Representatives of the stadium developers say no other secondary sites are being explored. But there’s also disagreement within the committee on whether a site even has to be a part of the recommendation. Hill has suggested that finalizing the site details could become the responsibility of a stadium authority board that would be formed to oversee the operations and financing of the project. But some committee members want the site to be a part of their consideration.
TAX DOLLARS AT ISSUE
In addition to site selection, a bigger controversy continues to be the level of supporting tax dollars to be used.
Clark County Commissioner Chris Giunchigliani, who isn’t a member of the committee, weighed in with a letter objecting to the use of any room-tax dollars for stadium construction.
At June’s committee meeting, Hill brought a proposal to reduce the public tax money commitment from $750 million to $550 million — a plan that received a frosty response from the development partners.
More discussion is expected on the stadium Monday, but a conversation about transportation issues isn’t on the agenda.

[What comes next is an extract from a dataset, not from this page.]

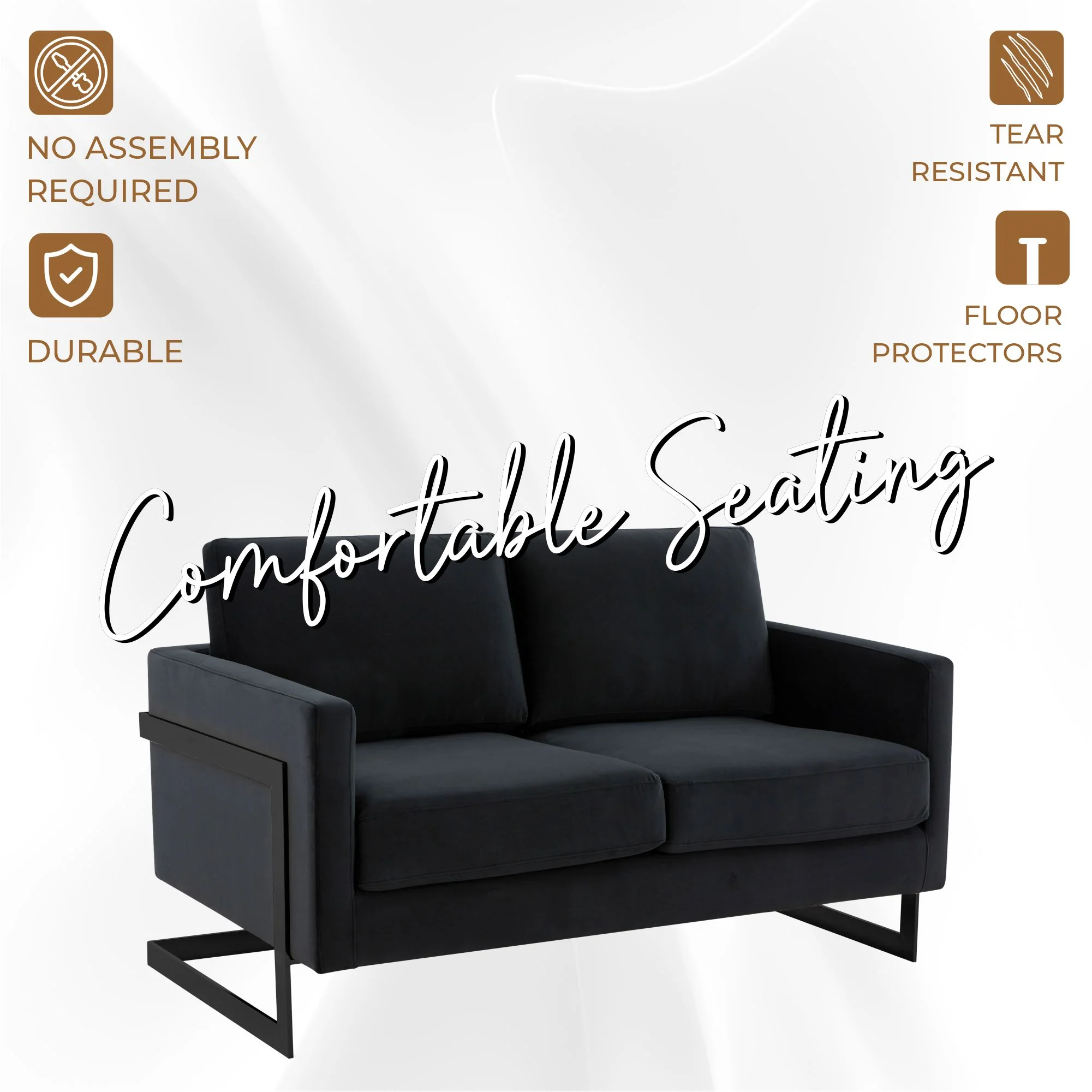 Lincoln Black Velvet Loveseat With Black Frame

The biggest transportation element to emerge from committee discussions came in April when Clark County officials unveiled a plan for elevated expressways to move traffic between McCarran and the Strip. Critics fear those plans would slow efforts to build what they think the Strip really needs — a light-rail system. Urban planners also have criticized elevated expressways as outmoded solutions to transportation problems. Transportation experts have said finding a site may be necessary before transportation recommendations are made.
Will Hill and the committee be able to bring their recommendations to the finish line by July 28?
Hill said this month it’s too early to discuss whether he would request an extension of the deadline from the governor, and a spokeswoman for the governor echoed those sentiments in an email.
Monday’s meeting begins at 8 a.m., at the Stan Fulton Building at Flamingo Road and Swenson Street.